# Task directions:
A word-for-word restatement of the data is what is needed.

══════════

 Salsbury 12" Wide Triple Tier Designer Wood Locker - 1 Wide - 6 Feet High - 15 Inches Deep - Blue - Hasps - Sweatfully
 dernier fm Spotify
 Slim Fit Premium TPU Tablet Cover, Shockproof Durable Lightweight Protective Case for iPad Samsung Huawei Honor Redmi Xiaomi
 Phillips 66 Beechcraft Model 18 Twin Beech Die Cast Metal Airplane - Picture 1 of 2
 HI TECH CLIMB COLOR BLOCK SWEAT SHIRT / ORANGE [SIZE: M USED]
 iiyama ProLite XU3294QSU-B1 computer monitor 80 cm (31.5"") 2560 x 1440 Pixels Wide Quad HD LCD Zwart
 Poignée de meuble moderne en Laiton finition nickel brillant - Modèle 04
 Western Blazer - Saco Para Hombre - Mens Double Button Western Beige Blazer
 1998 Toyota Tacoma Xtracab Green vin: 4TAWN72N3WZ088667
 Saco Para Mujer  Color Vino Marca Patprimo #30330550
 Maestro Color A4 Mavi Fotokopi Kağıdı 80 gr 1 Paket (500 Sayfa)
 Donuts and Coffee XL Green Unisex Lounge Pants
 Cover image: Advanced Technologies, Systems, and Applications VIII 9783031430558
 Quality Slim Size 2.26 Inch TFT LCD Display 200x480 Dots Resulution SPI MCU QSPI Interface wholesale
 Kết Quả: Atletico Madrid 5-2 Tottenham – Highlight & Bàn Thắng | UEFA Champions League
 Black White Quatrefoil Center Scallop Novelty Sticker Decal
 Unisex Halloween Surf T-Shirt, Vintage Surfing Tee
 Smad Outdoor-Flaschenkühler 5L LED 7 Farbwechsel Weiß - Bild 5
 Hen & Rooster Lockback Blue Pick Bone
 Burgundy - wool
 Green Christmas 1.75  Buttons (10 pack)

══════════

# Written solution:
 Salsbury 12" Wide Triple Tier Designer Wood Locker - 1 Wide - 6 Feet High - 15 Inches Deep - Blue - Hasps - Sweatfully
 dernier fm Spotify
 Slim Fit Premium TPU Tablet Cover, Shockproof Durable Lightweight Protective Case for iPad Samsung Huawei Honor Redmi Xiaomi
 Phillips 66 Beechcraft Model 18 Twin Beech Die Cast Metal Airplane - Picture 1 of 2
 HI TECH CLIMB COLOR BLOCK SWEAT SHIRT / ORANGE [SIZE: M USED]
 iiyama ProLite XU3294QSU-B1 computer monitor 80 cm (31.5"") 2560 x 1440 Pixels Wide Quad HD LCD Zwart
 Poignée de meuble moderne en Laiton finition nickel brillant - Modèle 04
 Western Blazer - Saco Para Hombre - Mens Double Button Western Beige Blazer
 1998 Toyota Tacoma Xtracab Green vin: 4TAWN72N3WZ088667
 Saco Para Mujer  Color Vino Marca Patprimo #30330550
 Maestro Color A4 Mavi Fotokopi Kağıdı 80 gr 1 Paket (500 Sayfa)
 Donuts and Coffee XL Green Unisex Lounge Pants
 Cover image: Advanced Technologies, Systems, and Applications VIII 9783031430558
 Quality Slim Size 2.26 Inch TFT LCD Display 200x480 Dots Resulution SPI MCU QSPI Interface wholesale
 Kết Quả: Atletico Madrid 5-2 Tottenham – Highlight & Bàn Thắng | UEFA Champions League
 Black White Quatrefoil Center Scallop Novelty Sticker Decal
 Unisex Halloween Surf T-Shirt, Vintage Surfing Tee
 Smad Outdoor-Flaschenkühler 5L LED 7 Farbwechsel Weiß - Bild 5
 Hen & Rooster Lockback Blue Pick Bone
 Burgundy - wool
 Green Christmas 1.75  Buttons (10 pack)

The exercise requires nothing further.